A number of my friends who belong in these very high upper brackets have suggested to me, more in sorrow than in anger, that if I am reelected they will have to move to some other Nation because of high taxes here. I shall miss them very much but if they go they will soon come back. For a year or two of paying taxes in almost any other country in the world will make them yearn once more for the good old taxes of the U.S.A.

One more word on recent history. I inherited from the previous Administration a tax structure which not only imposed an unfair income tax burden on the low-income groups of this country, but also imposed an unfair burden upon the average American by a long list of taxes on purchases and consumption- hidden taxes.

In 1933 when we came into office, fifty-eight cents out of every dollar of Federal revenue came from hidden taxes. Leaving out of account the liquor tax—for liquor was illegal in 1933—we have reduced these indirect taxes to thirty-eight cents out of every dollar.

How else have we improved and Americanized the tax structure?

First, we gave a credit to earned income- that is, income from personal work or service- thus substantially reducing taxes paid by the working citizen. Wasn't that the American thing to do?

Second, we decreased the tax rates on small corporations. Wasn't that the American thing to do?

Third, we increased the taxes paid by individuals in the higher brackets—those of incomes over $50,000 a year. Wasn't that the American thing to do?

Fourth, we increased still further the taxes paid by individuals in the highest brackets—those with incomes over one million dollars a year. Wasn't that the American thing to do?

Fifth, we increased the tax on very large estates. Wasn't that the American thing to do?

Finally, this year we had to find new revenues to meet the immediate bonus payments and to take the place of the processing taxes. This new tax, called the undistributed profits tax, is merely an extension of the individual income tax law and a plugging-up of the loopholes in it, loopholes which could be used only by men of very large incomes.

I want to say a word to you average investors and stockholders who are being flooded by propaganda about this tax—propaganda, incidentally, paid for by your money. It is being disseminated by those who have used corporations in the past to build up their own economic power, who seek, by holding back your dividends, to keep down their taxes.
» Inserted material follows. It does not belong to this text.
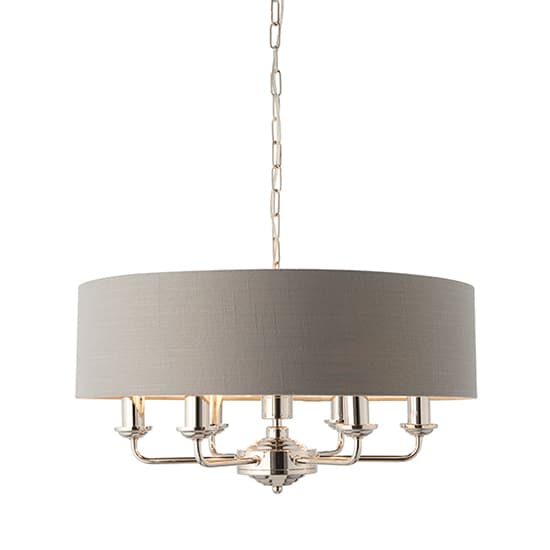 Highclere 6 Light Charcoal Shade Pendant Light In Bright Nickel_3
It is a fact that 98.5 percent of all American corporations will pay a smaller normal corporation tax under the new law.

It is a fact that the law permits corporations to expand and build up adequate reserves.

But for the first time it gives the stockholder a practical chance to determine for himself whether to keep his earnings in the corporation for expansion purposes or to take them out. He is now the one—not the board of directors—to choose between using his dividends for something else and reinvesting them in the stock of the corporation.

What we are concerned with primarily is principle, and the principle of this law is sound. If in its application imperfections are discovered, they must be corrected for the good of American business.

I am certain that the average of our citizenship is not taken in by the amazing amount of other tax misinformation which has been turned loose in this political campaign.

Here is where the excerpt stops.